The reason for their existence as such is a bit of a mystery, Gem made a lot of stuff which could be considered 'Novelty' or 'Touristy' while Festival did Christmas, Easter (the 'festivals'!) and Birthdays. But then why did so much Gem stuff end-up with Culpitt, alongside the Festival stuff, and why did Gem have a Christmas range (albeit small) if Festival was supposed to handle that sort of thing?

Remember both Gem and Festival had their own packaging as well as being anonymised as 'generics' by Culpitt? Sadly - with Mr Musgrave's passing; this is a question we may now, never get an answer to.

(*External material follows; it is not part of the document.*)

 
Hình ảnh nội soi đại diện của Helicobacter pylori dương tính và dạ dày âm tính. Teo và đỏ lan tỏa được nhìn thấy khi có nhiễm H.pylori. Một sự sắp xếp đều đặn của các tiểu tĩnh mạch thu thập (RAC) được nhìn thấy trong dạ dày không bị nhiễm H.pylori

D is for Downhill Racing Planks and Dogs On Skis!

There were no dogs involved in the making of this post, 'dog-on-skis' was a in-joke between a member of Support Company and this author on a trip to BATC Steibis back in the distant youth of the past! Or should that be the youth of the distant past?

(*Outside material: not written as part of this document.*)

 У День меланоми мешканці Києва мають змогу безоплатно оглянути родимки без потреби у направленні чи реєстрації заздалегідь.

Either way, it seems a long time ago . . . and he was the dog on skis, awl'right; I was perfectly proficient, especially my right turns, there's nothing wrong with my right-turns whatsoever, much at all, really, and I don't have a concrete left leg, no, no, no! While 'Downhill Racing Planks' was typical forces humour!

[Gemodels and/or] Festival (none of them have bases, so none of them are marked, but they are not in Gem's catalogues so it is to be presumed they are all Festival) and Hong Kong (mostly for Culpitt) Christmas cake figures, all on skis!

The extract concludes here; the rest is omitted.